Electronic – How to efficiently power and arrange 100 multi chip LEDs in 6 different colors each color runnig off their own transistors

Stop. Just stop.

You need to learn about driving LEDs. Apparently what you want to do is

^{simulate this circuit – Schematic created using CircuitLab}

where the number of LEDs will depend on the voltage of V1 and the color of the LEDs in a string. Am I correct?

If so, you are in big trouble. What will happen is that the LEDs will light up to some brightness. Very likely, the current being drawn will be too great, and you will kill one or more LEDs. You must keep in mind that the data sheets mention a range of values for things like forward voltage, and you cannot count on getting a bunch of "typical" units - not unless you're willing to fix things after they go badly wrong. But let's say that you've gotten lucky, and the LEDs are drawing just the right amount of current. What then?

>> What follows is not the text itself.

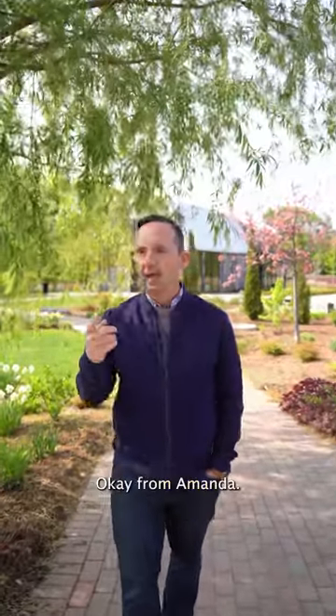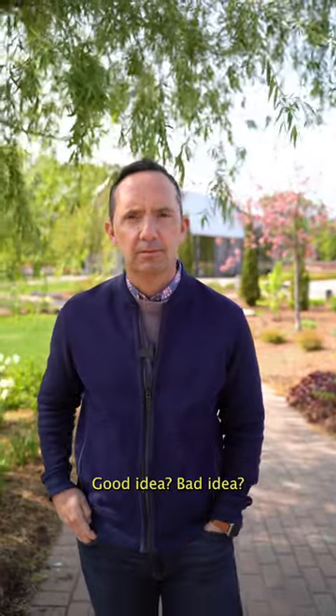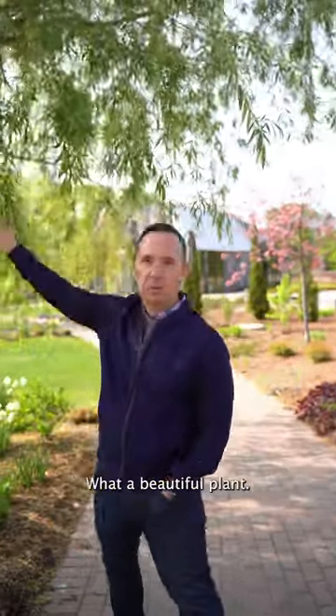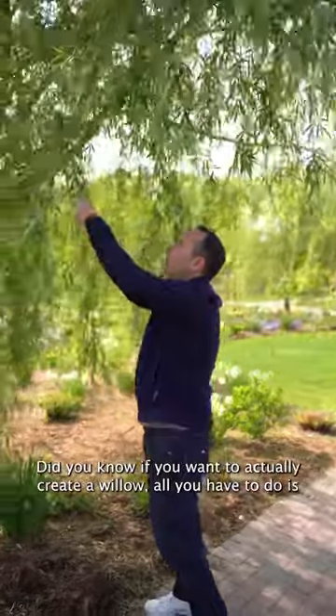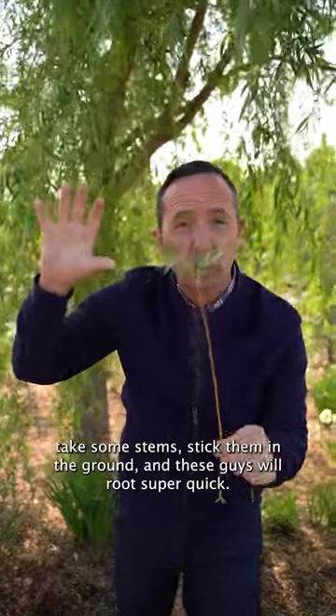Frank question from the camera guy. Okay, from Amanda: we want a willow in our backyard — good idea or bad idea? Scotty and her want a willow. The weeping willow, what a beautiful plant. Did you know if you want to actually create a willow, all you have to do is take some stems and stick them in the ground, and these guys will root super quick.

Well, the LEDs will start to heat up. When they do, two things will happen. First, they will get dimmer. Second, they will begin to draw more current at the fixed voltage. This will cause them to get even hotter, which will cause them to draw even more current, which will cause them to get even hotter... and eventually one LED will die. If you are lucky, it will fail open circuit, which will save the others even though the string will be dead. If you are not lucky, it will fail shorted, and the situation will get much worse very quickly, and a second will fail. If that one fails shorted, a third will die very quickly indeed, and the process will continue until all are dead or the power supply decides it's had enough and shuts down. The increase in LED temperature is called "thermal runaway", and the system failure is called "firecracker mode".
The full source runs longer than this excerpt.